Apes Can Recognize Old Friends They Haven't Seen in Decades
Turns out chimps and bonobos have social memories like a steel trap.
There’s no shame in admitting that many of us may struggle to remember the names of our high school friends (or even that friend of a friend you met last week). The same can’t be said for our other great ape cousins because, for them, the imprint of a friendly face might be literally unforgettable.
According to a study published Monday in the journal Proceeding of the National Academy of Sciences, chimpanzees and bonobos — Homo sapiens' closest living relatives — appear to still remember former groupmates or family members even if their last encounter was more than 25 years ago.
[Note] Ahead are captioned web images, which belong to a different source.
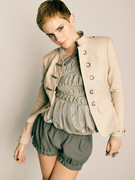 emma-watson-company-september-2011-005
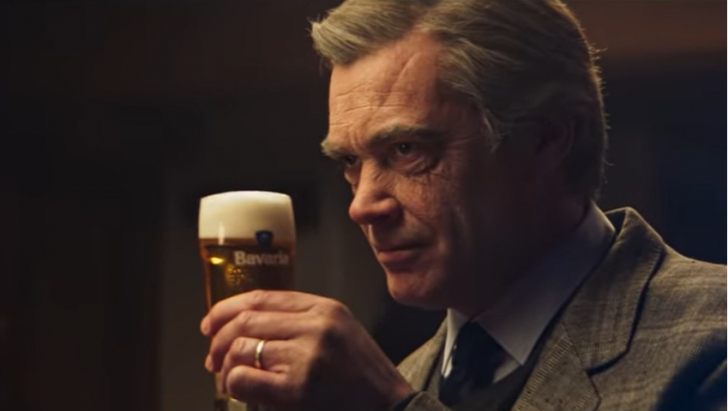 Vader proost met Bavaria bier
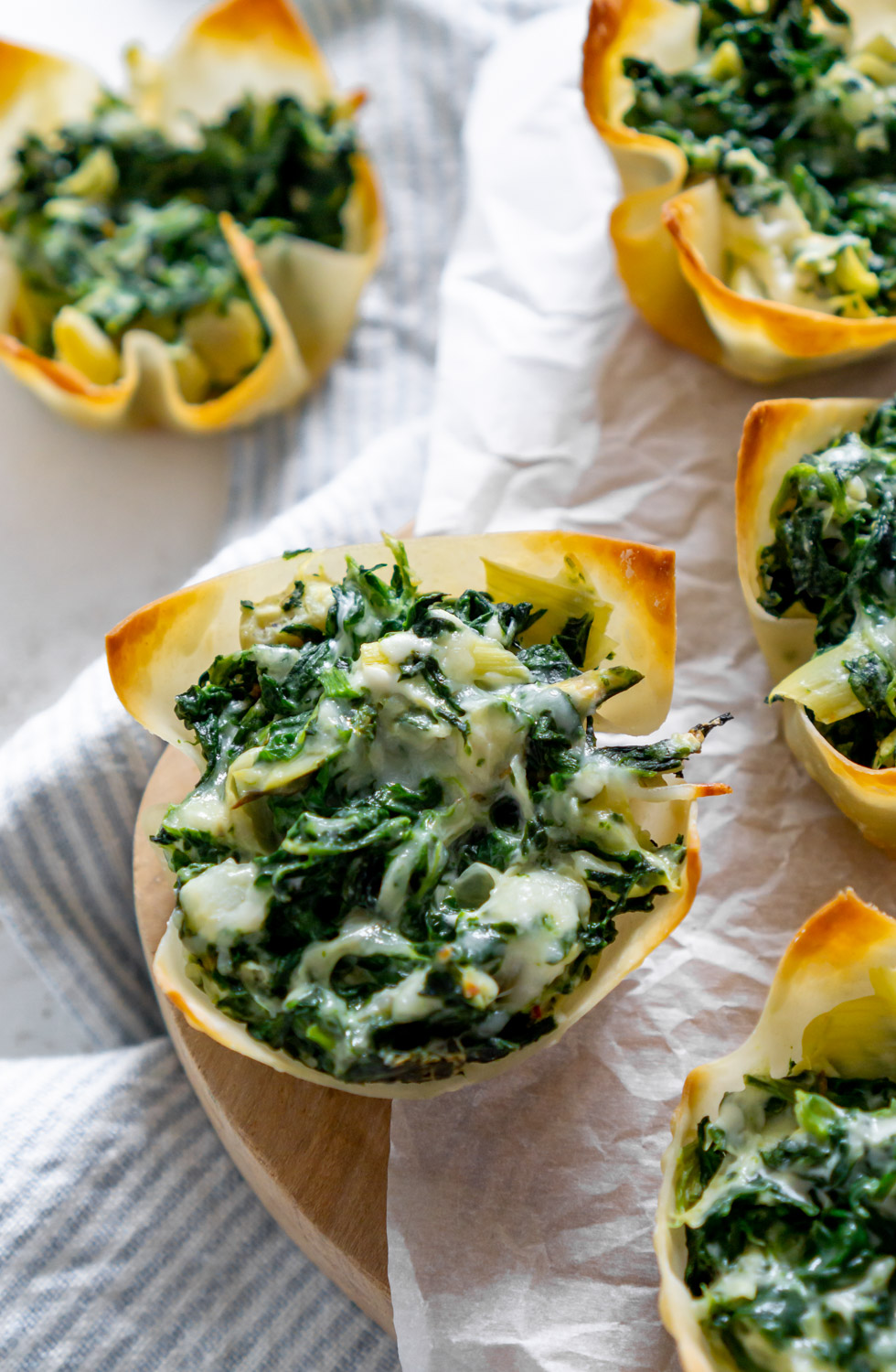 Spinach and Artichoke Dip Wonton Cups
The researchers say this study demonstrates that apes are capable of long-lasting social memory and that this ability might have been a stepping stone in the evolution of complex social structures and cultures in humans.
“We tend to think about great apes as quite different from ourselves but we have really seen these animals as possessing cognitive mechanisms that are very similar to our own, including memory,” Laura Lewis, the study’s first author and a comparative psychologist at the University of California, Berkeley, said in a press release.
Being social creatures, humans enjoy enduring memories of others that include contextual information like physical traits and our interactions and relationships with them, but it’s not entirely clear when this ability evolved. When we look at non-human primates, they also have some impressive social memory skills but scientists don’t know how long-lasting this skill can be, especially across different ape species. Discovering this missing piece to the cognitive puzzle would help pinpoint which aspects of our social memory are unique to us and which might be shared with our primate relatives.
For their study, the researchers conducted an experiment focused on a group of 26 chimpanzees and bonobos living in three different zoos in Scotland, Belgium, and Japan. These chimps were shown pictures of other apes they used to live with (who had left the zoos or died) alongside pictures of apes they’ve never met. For the group consisting of previous primate acquaintances, the last encounter ranged between nine months and 26 years. The researchers also considered the participants’ previous interactions, whether positive or negative.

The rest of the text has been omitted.